For better and for worse, we live in an age in which we are watched as never before.
Close circuit television cameras, orbiting space satellites, mobile phone monitoring and email intercepts. Inevitably, in a world in which that person on the next table with a smart phone might be sending a text message or taking your photograph, these are issues that are both a concern and a subject for artists.
Surveillance. 02 is a new exhibition opening this month at the East Wing gallery at Dubai International Finance Centre that examines the nature of surveillance to comment on the extent of state and corporate power.
The artists include Massimo Berruti, whose photographs from North Waziristan are portraits of people who have been injured or lost family members in drone attacks that have become part of the “War on Terror.” For their portraits, Adam Broomberg and Oliver Chanarin use a facial recognition camera developed in Russia for border control and public security. Taking multiple images using four lenses, the camera can create a seamless single face, usually without the subject being aware.

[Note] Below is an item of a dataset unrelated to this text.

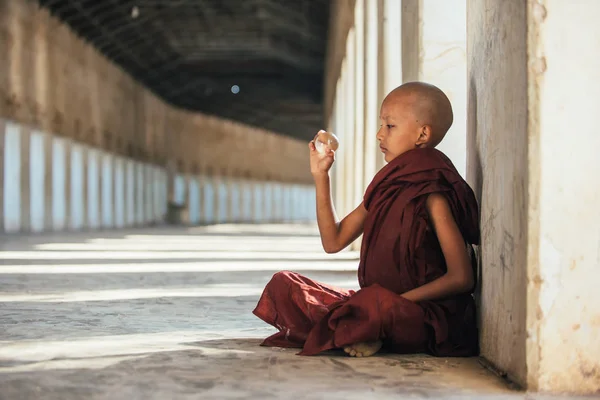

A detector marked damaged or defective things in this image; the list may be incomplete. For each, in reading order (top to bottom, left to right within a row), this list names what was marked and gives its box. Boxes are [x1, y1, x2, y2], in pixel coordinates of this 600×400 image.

wall with peeling paint [466, 0, 528, 388]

Jenny Odell’s Land Marks manipulates satellite images to remove any signs of nature from mining and waste storage sites to reveal the full extent of the damage to the environment while war photographer Tomas van Houtryve’s landscapes come from a camera to a drone flown over Middle America, turning the latest surveillance tool into an art form.
Surveillance. 02 opens on March 12 at the East Wing gallery in the Ritz Carlton Annex of DIFC. Admission is free.